M&A: The Devil is in the Data 

The mergers and acquisitions (M&A) market had a relatively quiet 2022, but most analysts expect things to ramp back up in the second half of this year. This is good news, but there’s often so much focus on getting the transaction itself to the finish line that planning for the post-M&A environment takes a back seat. That’s asking for trouble in a variety of ways and is probably why some research indicates that roughly half of post-merger integration attempts result in a poor or failing environment. 

The importance of data 

It goes without saying that pre-transaction due diligence should include a careful review of all departments and systems for both entities, but one area where we often see things go wrong is in not paying adequate attention to the data. 

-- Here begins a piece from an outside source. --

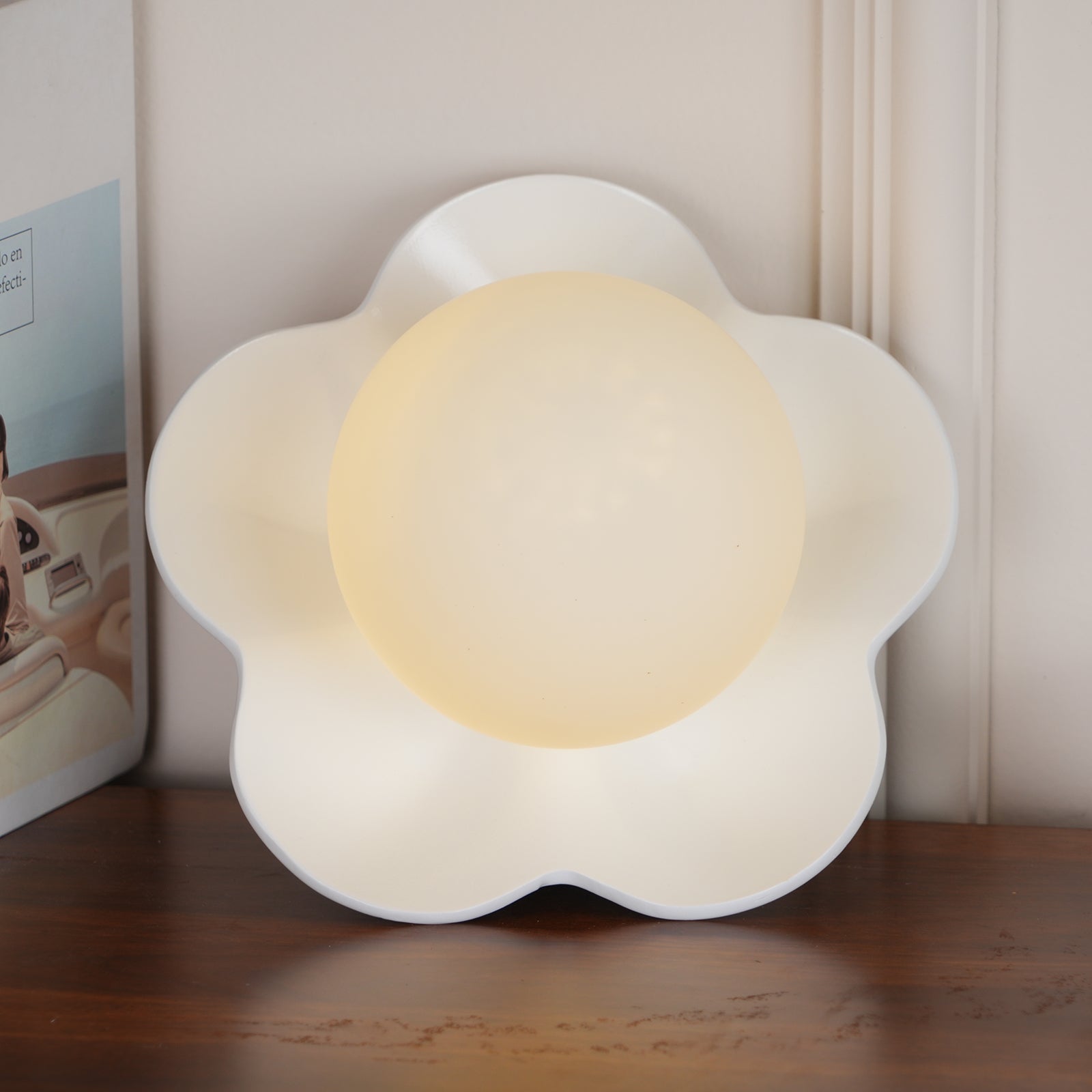 Petalia Wall Lamp - Letslighting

Data encompasses a wide variety of metrics, of course, from customer lists that might overlap to sales resources to warehouse and inventory information to costs and pricing, and much more. A thoroughly planned integration across all those areas is a big undertaking, which is perhaps why many organizations simply hope for the best in that post-merger environment … and why so many fail. 

What can go wrong? 

Failing to plan is planning to fail, as the saying goes, and the consequences of poor data integration can affect the new organization in some fundamental ways: 

Wasted time and energy: Duplicate or incomplete data and the frustration of manual processes to marry disparate systems can take a huge toll on productivity. And it doesn’t stop there, as those frustrations can have a direct impact on morale, never more vital than in today’s employee engagement crisis. 

Customer experience: Few things will annoy customers more than when your ability to serve them takes a hit due to data quality issues. The last thing any business needs in this (or any) economy is clients wondering whether they need to find a new solution because their needs aren’t being met. 

Decision making: It’s impossible to know where you’re going if you can’t tell where you are now. Data that’s out of date or not actionable impedes planning and nimble, proactive decision making. 

Getting it right 

Proper data integration starts with a comprehensive understanding of data and systems for each organization, and that means asking questions around the skills possessed by each entity, the tools and technologies already in place, where those areas overlap between the two organizations and where there will still be gaps. The ideal result is a plan that eliminates both those gaps and any redundancies. 

It’s worth noting that these questions need to be asked not just of upper management but all the way to the front lines. There are often substantial differences between management perceptions and front-line realities in regard to exactly what the existing systems are capable of and how they’re being used. 

In some cases, this process reveals substantial gaps that will still exist post-transaction. That might require pressing the proverbial reset button and finding technological solutions that are lacking in both organizations. It’s far better to discover this now and to know it needs to be addressed than to find those gaps after large amounts of time and money have been invested in integrating systems. A prime example of this is when we encounter two organizations that are still using local server-based applications or storage when a move to cloud solutions might offer multiple advantages.  

At the time of the transaction, it’s a safe bet that at least some employees will have to learn systems or processes they haven’t used previously. Again, that makes it the right time for deploying new systems across the board if necessary. Figuring this out later, after those team members have already had to change their behaviors once, is a surefire recipe for employee disengagement. 

It’s easy to view all this as a series of large challenges, and it is. But these moments are also opportunities to not only avoid pain and pitfalls but to create a new organization that is greater than the sum of its parts.